UNI Sale Raises Concerns Regarding Newly Formed DeFi Education Fund
A series of unexpected trades in the last two days roiled the DeFi Education Fund set up by Uniswap token holders, leading to finger pointing and accusatory tweets as the newly formed lobbying organization struggled to fend off more controversy. It started yesterday when Igor Igamberdiev, a research analyst at The Block, said on Twitter…
By: Owen Fernau •DeFi News
A series of unexpected trades in the last two days roiled the DeFi Education Fund set up by Uniswap token holders, leading to finger pointing and accusatory tweets as the newly formed lobbying organization struggled to fend off more controversy.
It started yesterday when Igor Igamberdiev, a research analyst at The Block, said on Twitter that Larry Sukernik, one of the individuals controlling the fund, sold $50K of Uniswap’s UNI token five hours before the Education fund itself sold a significant portion of its allotment.
Later the DeFi Education Fund, or DEF, said in a post that a committee member — an apparent reference to Sukernik — sold shares after its own sale of 500K UNI for USDC, not before. The organization said that from now on “committee members will not be permitted to make UNI transactions within a seven-day window of any DEF treasury activity.”
The DEF’s sale was worth around $10M, which is half of the fund’s 1M token allotment. Igamberdiev’s tweet triggered speculation that Sukernik had taken advantage of his position to execute trades ahead of the Education Fund’s sale.
The DEF today said in a post it had sold off half of its treasury as it expects “the vast majority of DEF’s expenses will be dollar-denominated.”
“Diversifying half of the 1M total allocation provides the DEF with a sustainable budget to weather any market downturns and allows the DEF to rapidly get to work,” the post said.
The proposal raises questions about how decentralized token-based governance actually is, when large holders are effectively calling the shots, with little opposition.

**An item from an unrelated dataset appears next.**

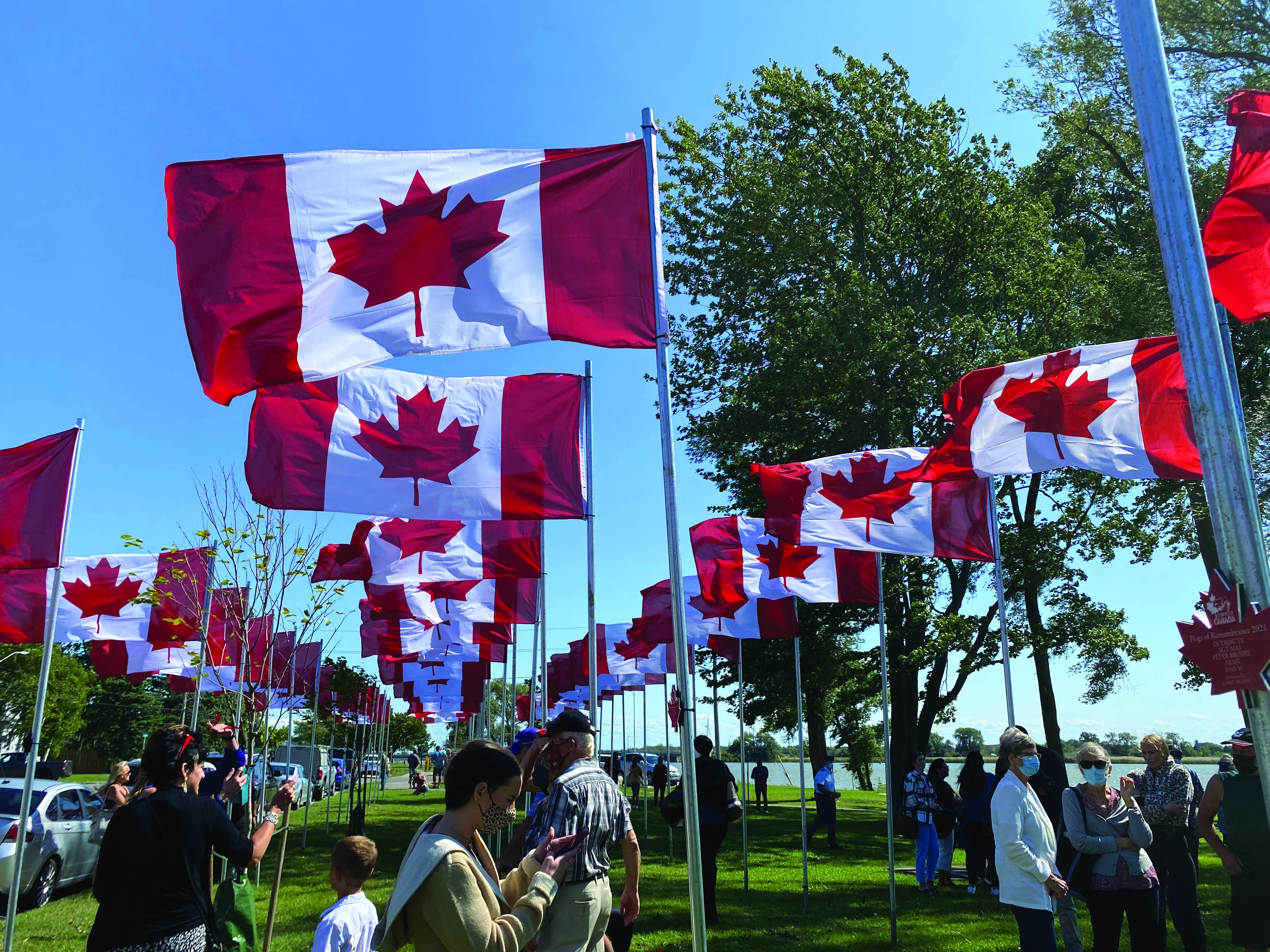 Featured image for Flags of Remembrance to return to Dunnville this September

It also highlights the importance of ensuring oversight on how these on-chain treasuries are spent and clarifying what responsibilities those controlling the funds have.
Chris Blec, founder of DeFi transparency initiative DeFi Watch, told The Defiant that Sukernik’s “personal UNI trade just a few hours before the 500K UNI sale is exactly the kind of behavior that a regulator would be looking for.”

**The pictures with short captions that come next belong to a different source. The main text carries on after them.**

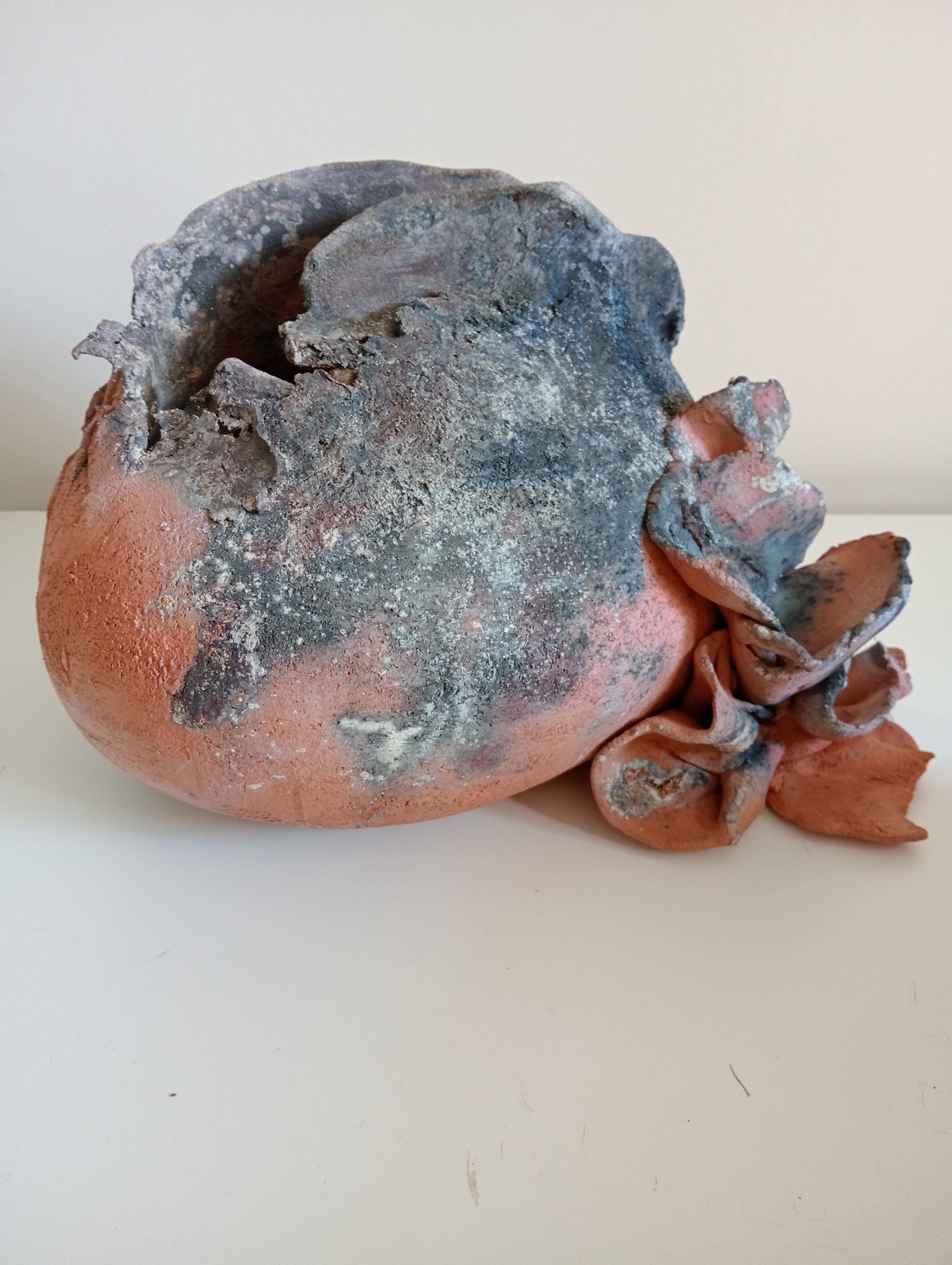 Phelps, Shabbi ~ Neptune's Garden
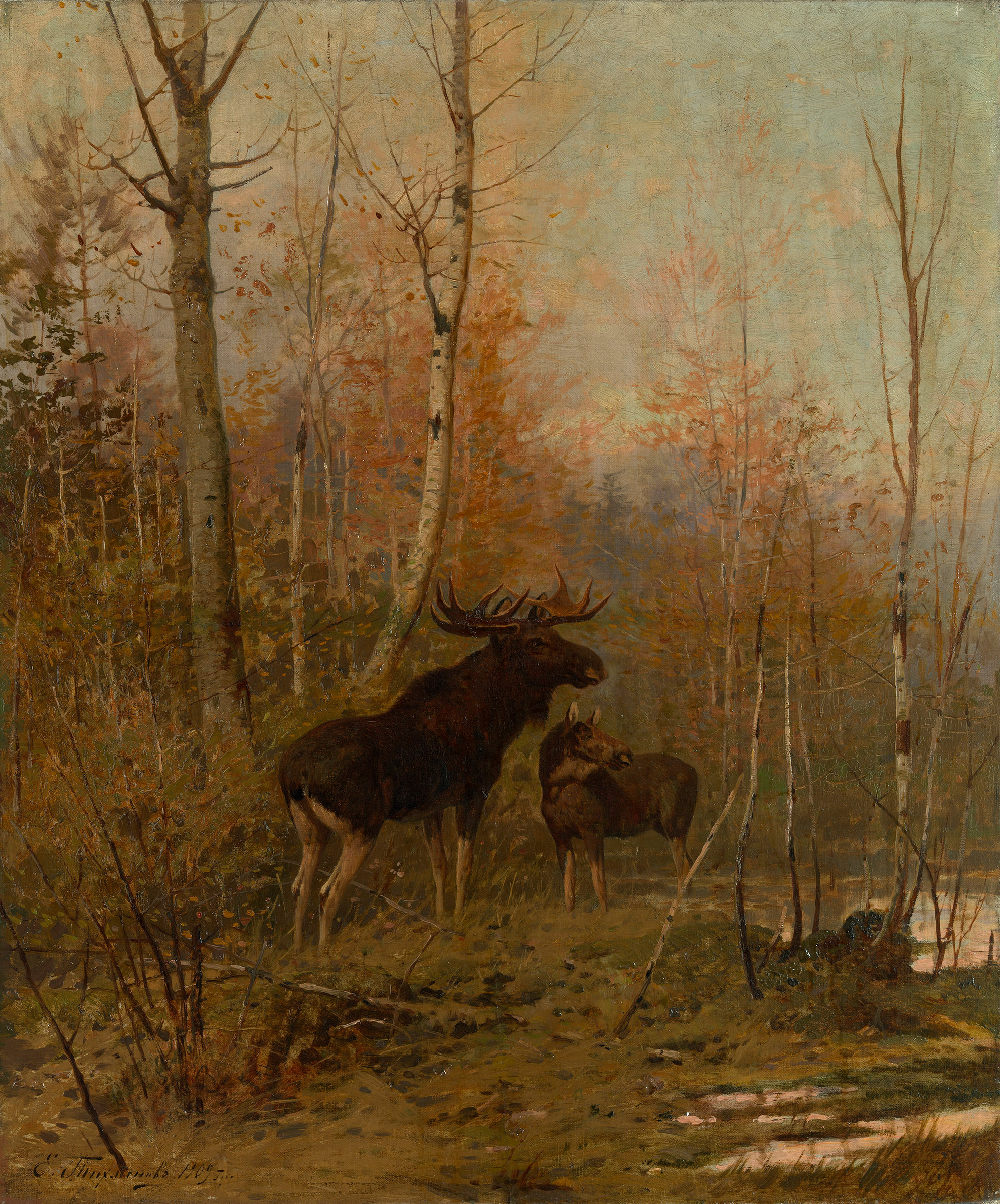 Two Elks in Woodlands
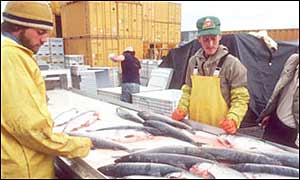 fishermen_alaskabbcpfix.jpg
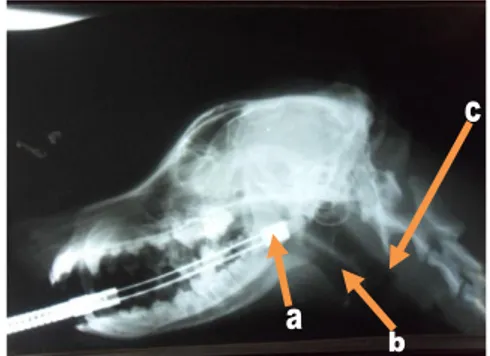 Gambar 3: Radiograf  laring. a: scope, b: laring, c: trakhea. 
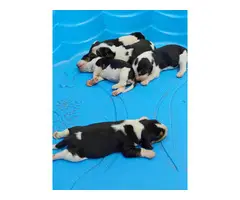 Adorable tricolor beagle puppies for sale - 5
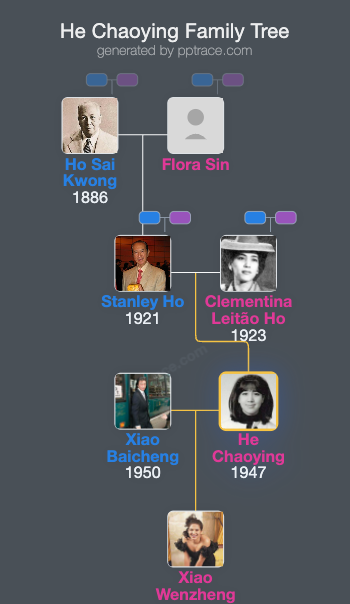 He Chaoying family tree overview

Blec said that Sukernik should step down from the committee saying it’s a “red flag” for committee members to be “unaware of this kind of nuance.”
Going by the numbers, and regardless of intention, the DEF sold its UNI at an average price of $20.4 per token, according to its post.
Despite the timing, Igamberdiev thinks the transaction “really could be a coincidence that looks really bad [for] Larry,” as he told The Defiant.
“Personally, I (at the moment) don’t consider this to be insider trading,” Igamberdiev continued. However he added that Sukernik should have thought carefully before executing the transactions, and that Sukernik should give up his spot on the DeFi Education Fund’s committee in light of the situation.
Sukernik did not respond to requests for comment sent via email and Twitter.
He tweeted yesterday that he exchanged UNI to USDC when he saw he had received funds from a grant, and had then sent stablecoins over to others. He said he’s “waiting on people to share addresses.”
The episode blew back on Uniswap itself, which has been under fire ever since it launched the lobbying effort in May. Members of the DeFi community have criticized the project as a power grab from the few token holders who voted on the governance proposal to approve the fund.
The move has led to jabs from the likes of Mechanism Capital’s Andrew Kang, who joked on Twitter: “Uniswap governance (and that of many other DAOs) is as decentralized as the government of North Korea.”
Voting to allocate 1M UNI tokens from the Uniswap treasury, worth $1.85M at the time of writing, to create the DeFi Education Fund ended on June 29 with 79.68M of UNI holders voting for the fund’s creation and 15.04M against. Unlike prior stages of voting, the final vote page doesn’t display how many tokens each wallet controls.
However, the final vote did come before a Consensus Check, the second stage in Uniswap’s governance process. Over 96% of the votes came from only 10 wallets, the largest of which was controlled by Harvard Law Blockchain and Fintech Initiative, the writer of the proposal.
The sale of 500K of UNI tokens this week came as a surprise considering the initiative said it planned to allocate the funds over the next 4-5 years. One of the posts in Uniswap’s forum says the years-long timeline, “won’t have the same dilutive effect of selling 1M UNI all at once, which we agree would be a problem.”
Corrected July 16 to reflect DEF’s post that Sukernik sold shares after the organizations’s trades, not before, and its average sale price of $20.4O per UNI token.